The high-water mark came in Gill’s second game, when the Jayhawks stunned then-No. 15 Georgia Tech last season. But that was the only victory against a ranked team, and Kansas would lose 17 of the next 21 with Gill on the sideline, the lone conference win coming against a Colorado program that fired its coach immediately after the defeat.
Fielding one of the youngest teams in the Big 12, Gill got the Jayhawks off to a promising start with wins against McNeese State and Northern Illinois, which has gone on to finish 9-3 and will play Ohio for the Mid-American Conference championship on Friday.
But things unraveled quickly in a 66-24 defeat at Georgia Tech, the start of 10 consecutive losses that included some of the most embarrassing in the history of a program accustomed to losing.
The Jayhawks were routed 70-28 by Oklahoma State, which pulled most of its starters at halftime, and 43-0 at Texas, when they managed 46 yards of total offense. They blew a 24-3 fourth-quarter lead against Baylor, allowed Texas A&M to score 61 points in just three quarters, and blew a 10-0 first-half lead against Missouri in what could be the final game of their 120-year-old rivalry.
Gill, a former star quarterback at Nebraska, said afterward that he expected to be back for a third season, which is how long it took him to turn the program at Buffalo into a winner.
“I do think we made good progress,” he said. “I guess it may be we have more to go than we anticipated, including myself coming in. I just think we can still get some things done here and move this program the right direction and do the things we need to do, win games and win bowl games.”
It’ll be up to someone else to accomplish those goals.
Zenger said that Kansas will honor Gill’s contract, which still owes him about $6 million. The search for a replacement will begin immediately, while running backs coach Reggie Mitchell—who also served as Gill’s recruiting coordinator—will take over on an interim basis.
“I have no specific timetable,” Zenger said. “Naturally I would like to have a new coach on board as soon as possible.”

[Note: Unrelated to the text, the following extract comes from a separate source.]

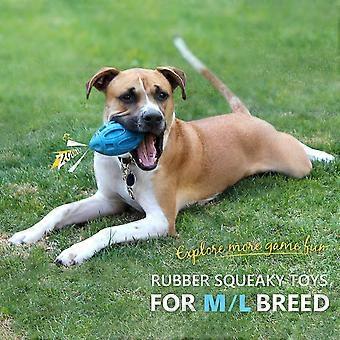 Quietschendes Hundespielzeug für aggressive Kauer: Gummi-Welpen-Kauball mit Quietschbeu, fast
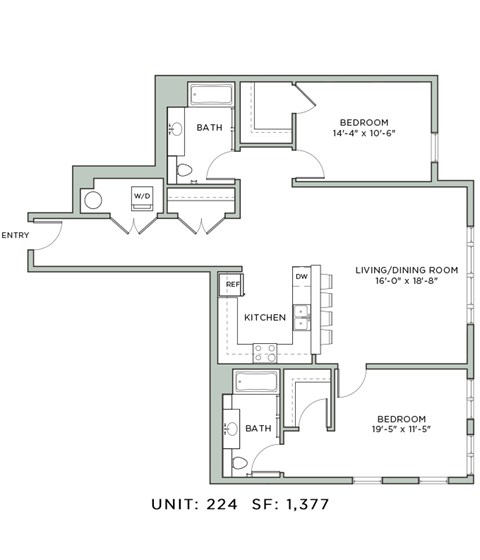 10 Greybarn Lane 1-2 Beds Apartment for Rent - Photo Gallery 11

There is expected to be a broad pool of candidates. Former Texas Tech coach Mike Leach and former South Florida coach Jim Leavitt both have ties to the Big 12, and Southern Miss coach Larry Fedora and Houston coach Kevin Sumlin have taken mid-major programs to national prestige.

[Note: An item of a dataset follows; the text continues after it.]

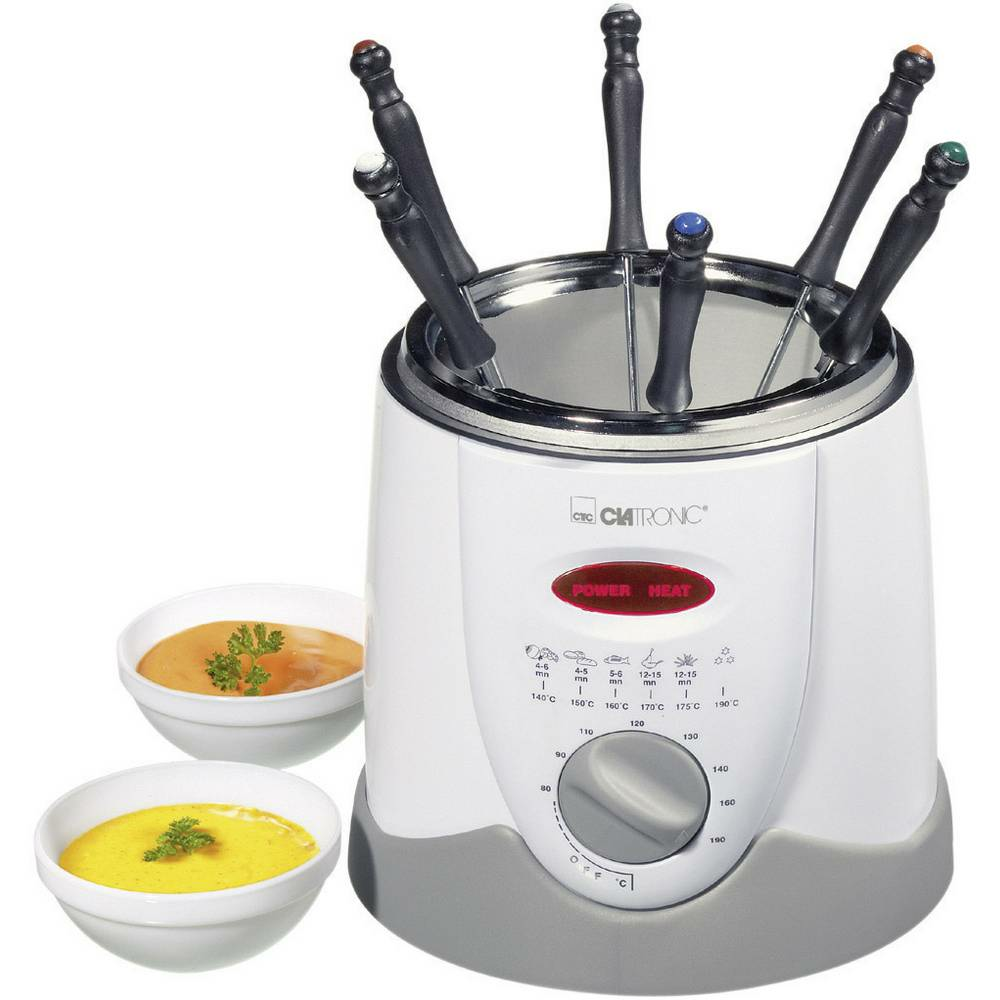 Clatronic Fondue-Fritteuse 840 W Friteuse mit manueller Temperatureinstellung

Whoever is chosen will take over a program that went 12-1 and won the Orange Bowl in 2007, and finished the season ranked No. 7 in the AP poll. But he’ll also take over a program that, like those at North Carolina and Duke, resides firmly in the shadow of the school’s basketball program.
Kansas returns most of its playmakers next season, which should help to jumpstart the rebuilding.
Sophomore quarterback Jordan Webb had a few bright moments in his first season as the starter, sophomore running back James Sims and freshman Tony Pierson carried much of the load on offense, and junior Toben Opurum emerged as one of the defense’s brightest stars in just his second season since switching from fullback to defensive end.
“We’ve shown glimpses this season of how much we’ve improved,” Webb said. “We’re bringing a lot of people back, so we feel like we’ve got a chance to be a really good team.”